Region Based Memory Allocation
Version | 1 |
Created | 2013-08-28 |
Status | Draft |
Last modified | 2013-08-28 |
Author | Walter Bright |
Breaks | Nothing (extension) |
Rationale
Stateless programming is a popular technique for encapsulation. D currently supports it marvelously with the ‘pure’ function attribute:
T statelessOp(const args) pure;
Under the hood, however, the GC is not stateless. Allocated memory may be left over after the call, and it may never get collected. Adding precise GC will not fix this 100%. What’s needed is a way to guarantee that all memory allocated by statelessOp() is released.
Description
One way to do this is by a region allocator.
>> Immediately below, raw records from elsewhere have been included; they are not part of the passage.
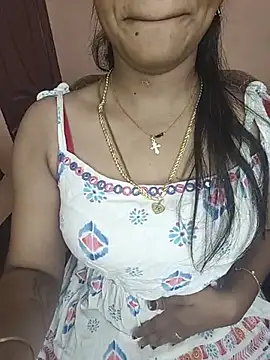 Snapshot of Tamil__Thara003 chatting on 07-29-26, 05:05 Tamil Thara003 online show from 07-29-26, 05:05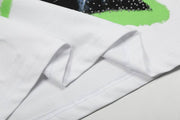 HELLSTAR T-SHIRT 273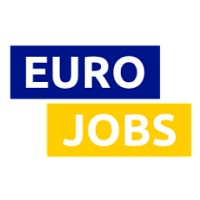 EuroJobs Company logo - Similar company to Email Mavlers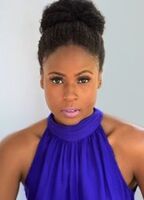 Khalilah Joi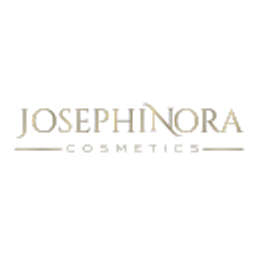 Josephinora Cosmetics Academy Logo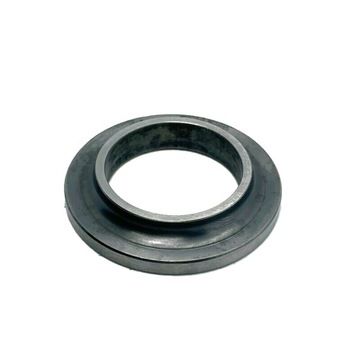 Подшипники рулевой трубы Junak M07 / M10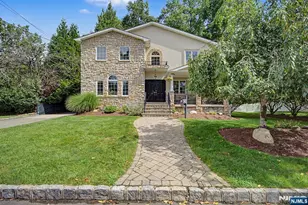 176 5th St, Cresskill, NJ 07626 - Photo 1
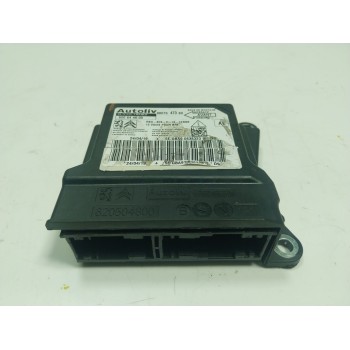 CENTRALITA AIRBAG 9807547380 9807543780 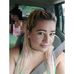 Profile Picture of Berta Mendez (@berta.mendez.1422) on Facebook
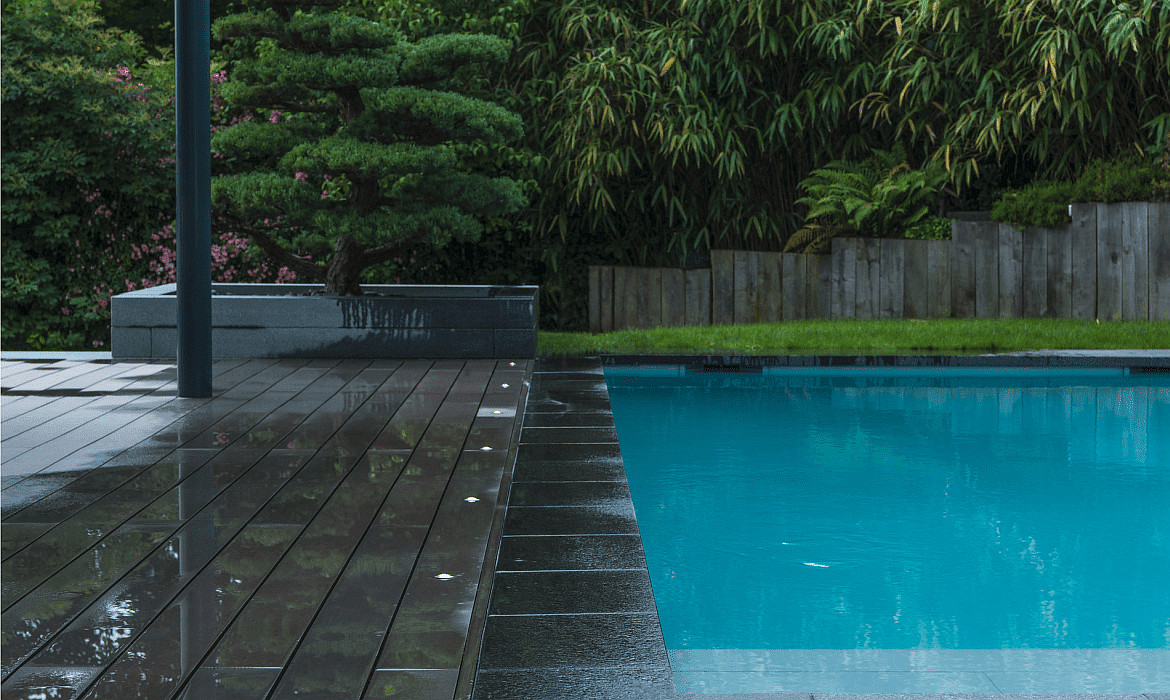 SLV LED Outdoor Einbauleuchte POWER TRAIL-LITE, Rund, IP67, 1.4W 350mA 60°, 3000K 45lm SLV LED Outdoor Einbauleuchte POWER TRAIL-LITE, Rund, IP67, 1.4W 350mA 60°, 3000K 45lm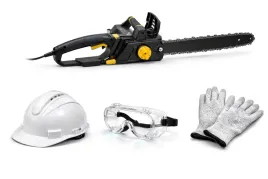 pila-lancuchowa-elektryczna-1230w-sieciowa-40cm-prowadnica-plus-bhp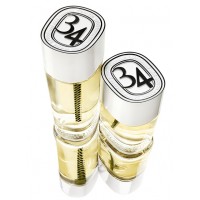 Diptyque Eau de 34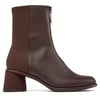 Marron Foncé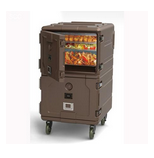 双层保温柜 SB2-B300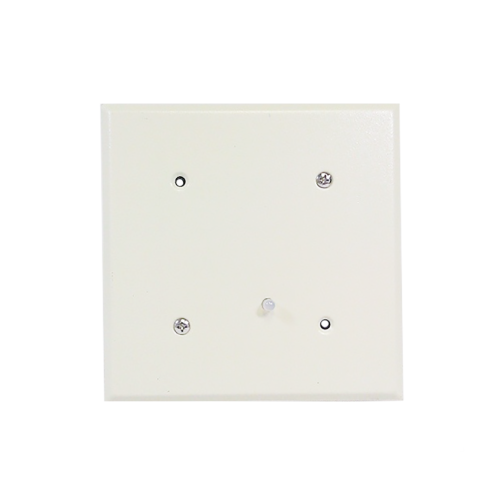Siemens HZM Remote Conventional Zone Module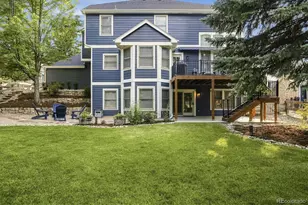 7246 Middleham Pl, Castle Rock, CO 80108 - Photo 44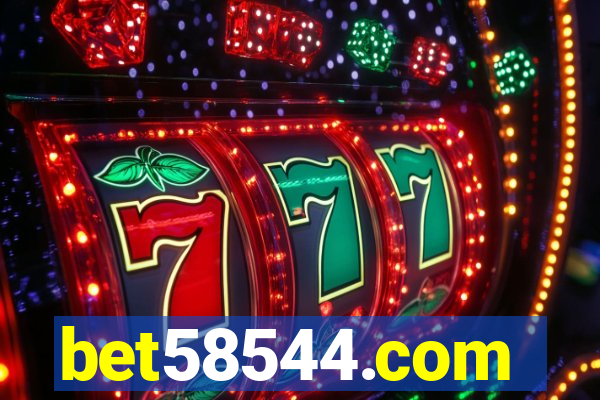bet58544.com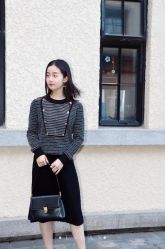 -优山定制西服衬衫大衣(国贸店)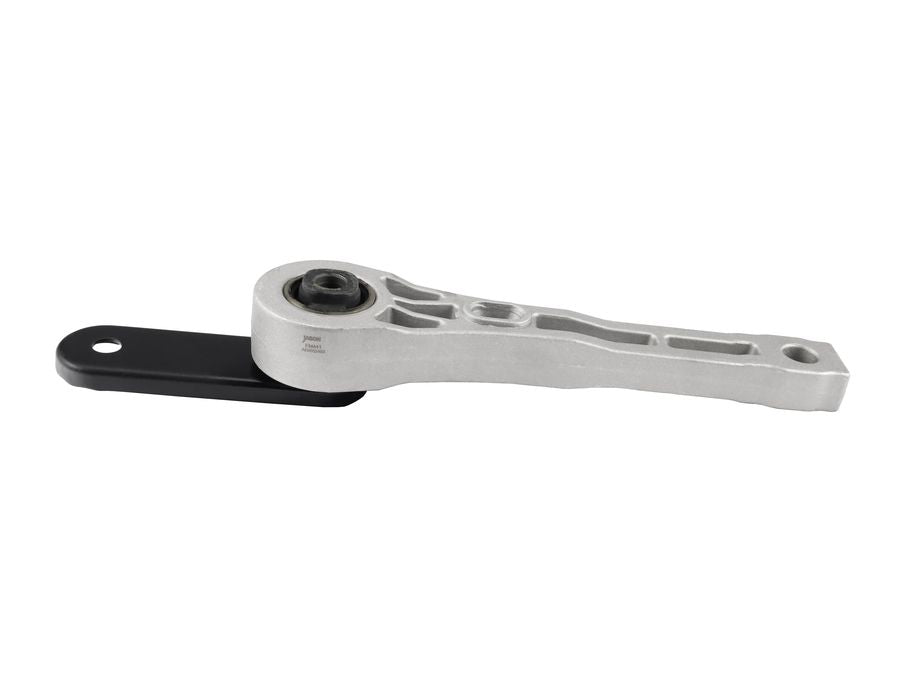 JAS-EM441 SOPORTE DE MOTOR TRASERO PARA AUDI Q3 KOMFORT 2 4 2016-2018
Create a new region at the start of statelessOp(), and throw the reqion away at the end. All allocations during that call will have been allocated within that region.
Fortunately, druntime’s GC implementation is all controlled by a proxy, a global variable _gc. All GC operations are member functions of _gc. This means we can, instead of using a __gshared _gc, key off of a thread local _gctls. This will default to being _gc, and so the default behavior will be as now.
A user can then:
gc_push();
which will then create a new instance of the GC and set _gctls to it. All calls to the GC in the current thread will now go to the new instance. When done,
gc_pop();
will throw away that GC implementation and all the memory it allocated, and revert to the previous value of _gctls.
Some observations:
1. statelessOp() will have to be nothrow. This is because throw allocates GC memory for the exception, and all such memory cannot survive gc_pop().
2. statelessOp() cannot spawn a new thread. Of course, it can’t anyway because it is pure.
3. statelessOp() may not cast memory to shared.
4. The new region GC instance will be thread local, meaning it no longer has to acquire/release locks, and it doesn’t need to stop other threads when doing a collection cycle. The thread running the region GC will still have to be stopped when the global GC is collecting, as its stack and locals may still refer to global GC data.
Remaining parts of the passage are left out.